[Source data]
__________________________________________________

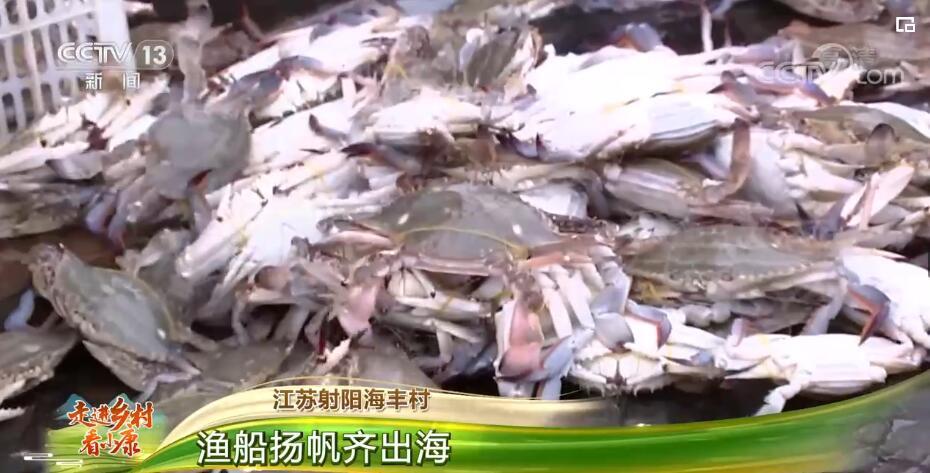 海丰县最新大项目启动，共创辉煌未来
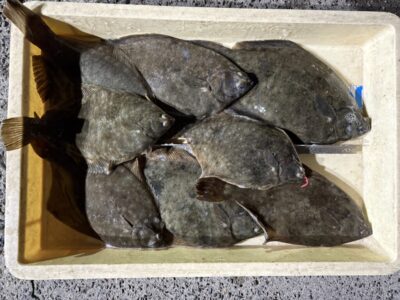 <p>ソロアングラー様　沖の北　カレイ8尾🎣</p>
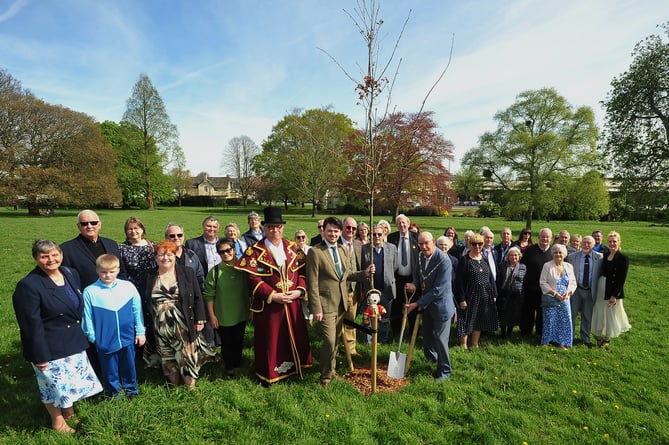 Tree planting in Courtenay Park, Newton Abbot,  to celebrate the 50th anniversary of the forming of Newton Abbot Town Council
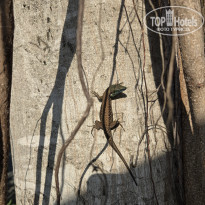 фото из отзыва ID 2738358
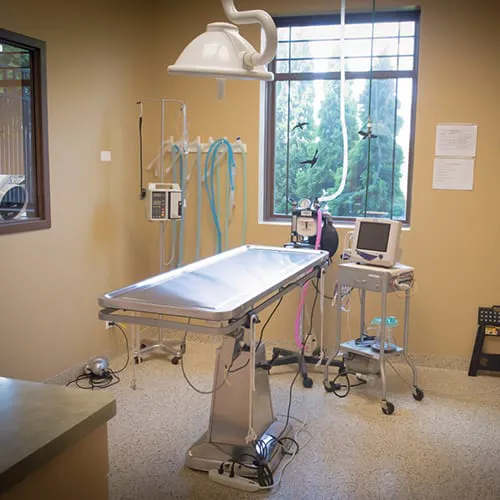 GreenTree Animal Hospital Picture 4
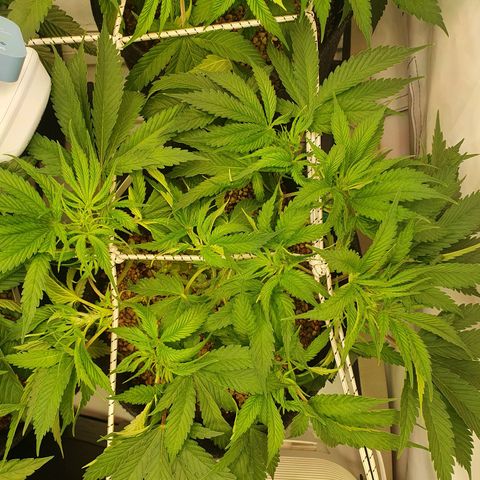 Mandarine Jam growlog timeline photo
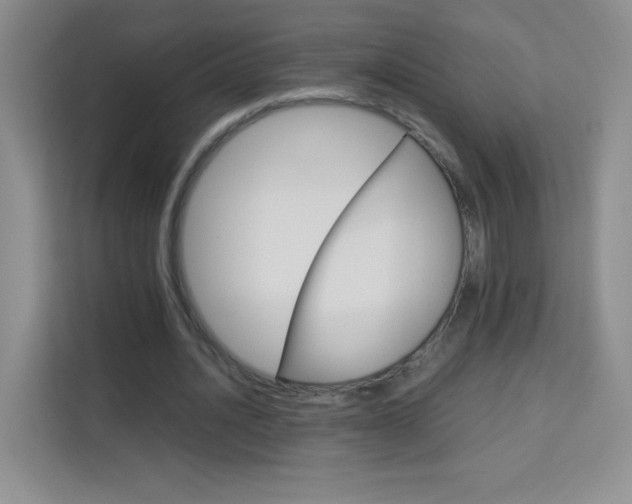 X0000114110628200910051239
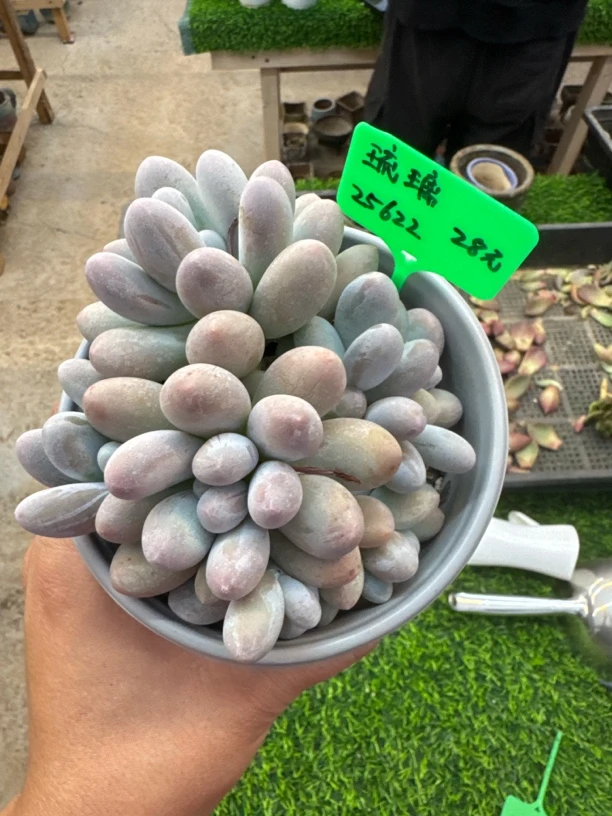 琉璃，多肉植物，汤圆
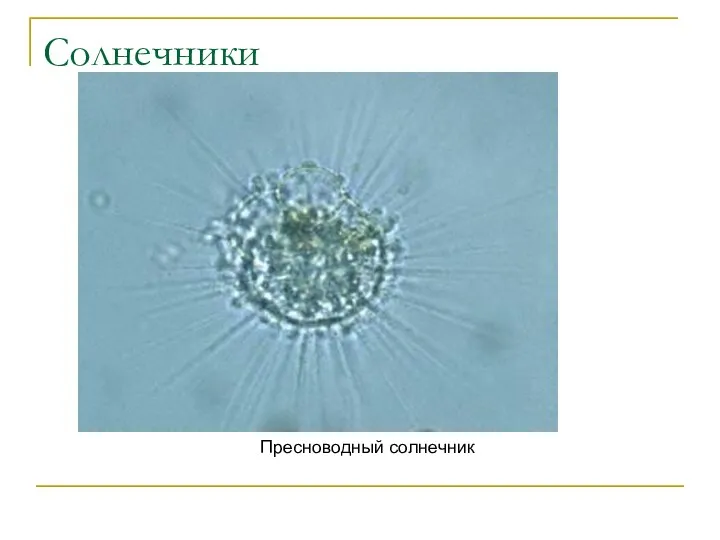 Солнечники Пресноводный солнечник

__________________________________________________

Your instructions>
Output exactly the lines from the line containing "GreenTree Animal Hospital Picture 4" through the last line of the records, both included, and leave out every picture.

Completed exercise>
 GreenTree Animal Hospital Picture 4
 Mandarine Jam growlog timeline photo
 X0000114110628200910051239
 琉璃，多肉植物，汤圆
 Солнечники Пресноводный солнечник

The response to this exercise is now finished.